A customer opens an account with a new fintech. They are asked to photograph the front and back of their passport. The lighting has to be right, the edges in frame, the glare gone. They upload it. Then a selfie. Then a utility bill dated within the last three months that most people under forty do not receive on paper. Some finish. Many do not.
The abandonment is not random. Younger customers and those without a long credit history are more likely to drop out. Customers with non-Latin names hit higher rejection rates from optical character recognition. People banking on the same phone they are being asked to photograph a document with find the whole sequence awkward. Each friction point removes a real customer who was ready to transact.
For a firm onboarding 10,000 customers a month, the gap between a 55% completion rate and an 85% one is 3,000 people. That is the difference between hitting a growth target and explaining why it slipped. The KYC check is rarely treated as a growth lever. For most regulated firms it is the single biggest one they are not pulling.
The UK KYC process follows a defined sequence set out in the Money Laundering Regulations 2017. Each step maps to a specific regulation, which is what makes it auditable.

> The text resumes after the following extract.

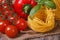 Branch of ripe tomatoes, dried pasta, fresh basil and pepper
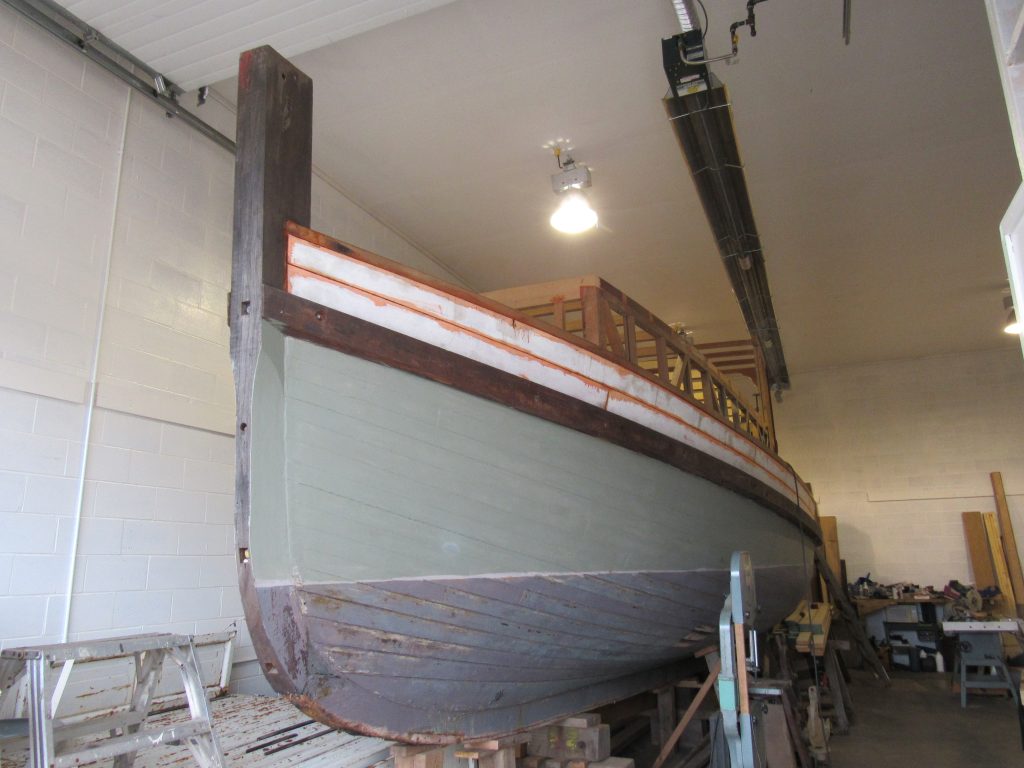 MV Burnaby wooden tugboat in workshop undergoing restoration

1. Customer identification. Obtain the customer’s full name, date of birth and address, and for a company the legal identifiers. This is the information-gathering step before anything is verified.
2. Identity verification. Verify that identity against a reliable, independent source. This is the step a certified digital verification service can now satisfy under guidance published in February 2026, covered in the next section.

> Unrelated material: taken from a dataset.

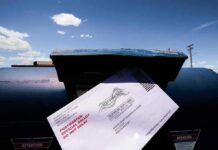 Mail-in ballot being inserted into a blue USPS mailbox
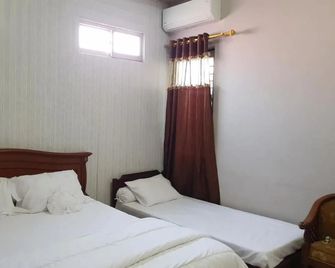 Homestay Lotus Bangka Pangkal Pinang Redpartner - Пангкалпінанг - Спальня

3. Beneficial ownership. For corporate customers, identify and take reasonable measures to verify the people who ultimately own or control the business.

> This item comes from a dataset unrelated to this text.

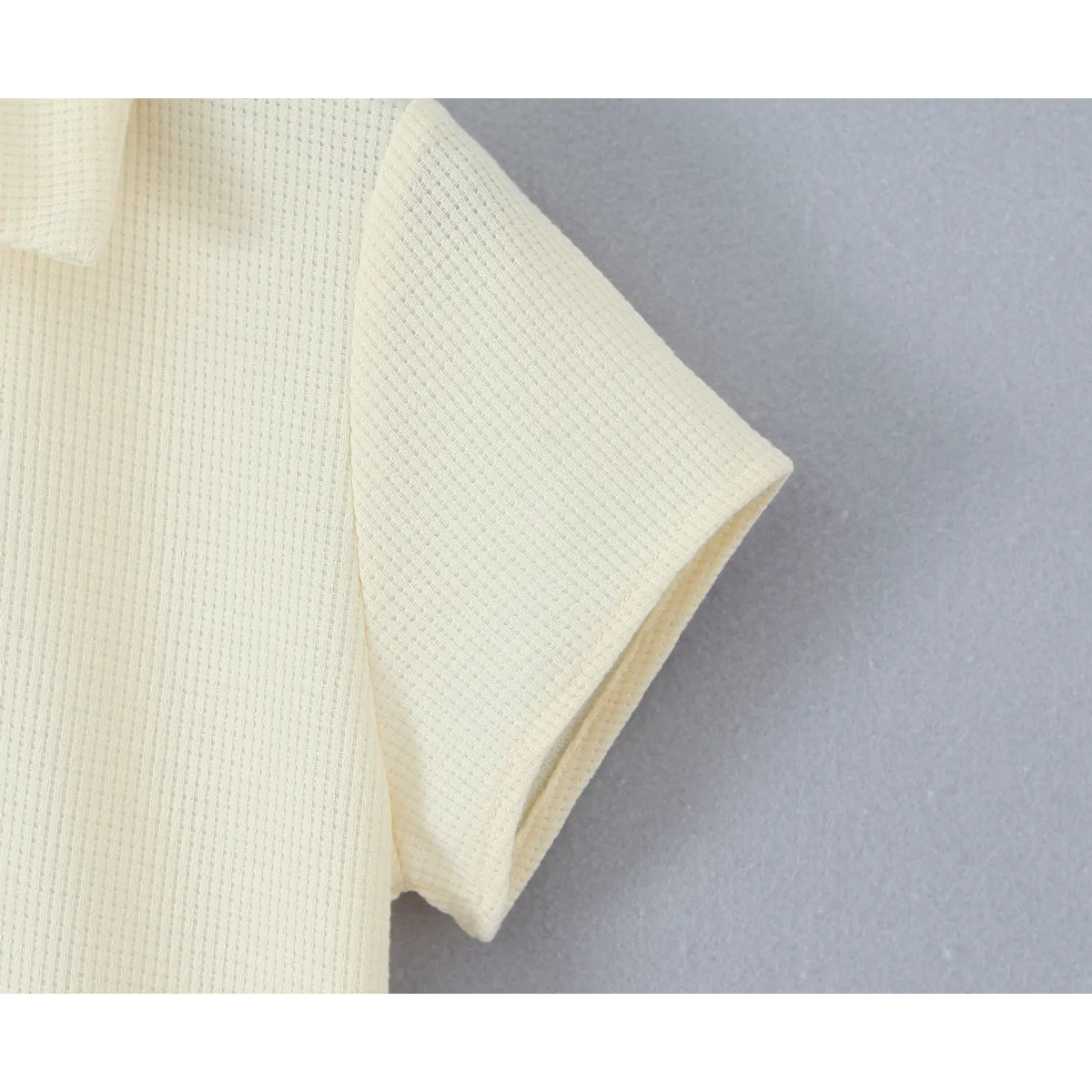 Close‑up of short sleeve cuff and waffle knit fabric of cream polo mini dress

4. Purpose and nature of the relationship. Understand why the customer wants the product and how they intend to use it. This shapes the risk view and is not something a document upload can answer.
5. Ongoing monitoring. Keep the relationship under review, scrutinising transactions and refreshing information so the customer record stays current. The Barclays case turned in part on this step being inadequate.
6. Risk-based escalation. Apply Enhanced Due Diligence in higher-risk situations, such as customers in high-risk countries or politically exposed persons. Apply Simplified Due Diligence where the risk is demonstrably low.
7. Record-keeping. Keep the evidence of every check for five years after the relationship ends, so the work can be reconstructed for a supervisor.
Step two is the part the customer feels, and the part that decides whether they finish. Compliance lives in the other six. A good provider speeds up step two without weakening any of the rest.
UK anti-money laundering law applies to a defined list of sectors, the “relevant persons” set out in the regulations. Operating in any of them makes KYC checks a legal obligation before a customer relationship begins.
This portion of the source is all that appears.